* Required action: Show the lines of the material that contain the word "Image".
(Entries provided Opens)
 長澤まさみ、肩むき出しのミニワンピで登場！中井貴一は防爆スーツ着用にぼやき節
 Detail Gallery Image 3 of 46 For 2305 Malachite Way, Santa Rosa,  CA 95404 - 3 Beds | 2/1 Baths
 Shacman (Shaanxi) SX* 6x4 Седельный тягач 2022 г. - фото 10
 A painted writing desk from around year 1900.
(Entries provided Closes)
(Entries provided Opens)
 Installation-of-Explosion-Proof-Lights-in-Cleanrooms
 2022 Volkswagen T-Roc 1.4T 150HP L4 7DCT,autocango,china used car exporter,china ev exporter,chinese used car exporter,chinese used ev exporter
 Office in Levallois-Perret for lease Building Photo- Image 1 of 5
(Entries provided Closes)
(Entries provided Opens)
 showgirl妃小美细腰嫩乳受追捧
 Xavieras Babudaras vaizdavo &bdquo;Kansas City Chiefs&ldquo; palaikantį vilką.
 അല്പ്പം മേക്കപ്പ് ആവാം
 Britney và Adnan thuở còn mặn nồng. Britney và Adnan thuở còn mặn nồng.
(Entries provided Closes)
* Output below:
 Detail Gallery Image 3 of 46 For 2305 Malachite Way, Santa Rosa,  CA 95404 - 3 Beds | 2/1 Baths
 Office in Levallois-Perret for lease Building Photo- Image 1 of 5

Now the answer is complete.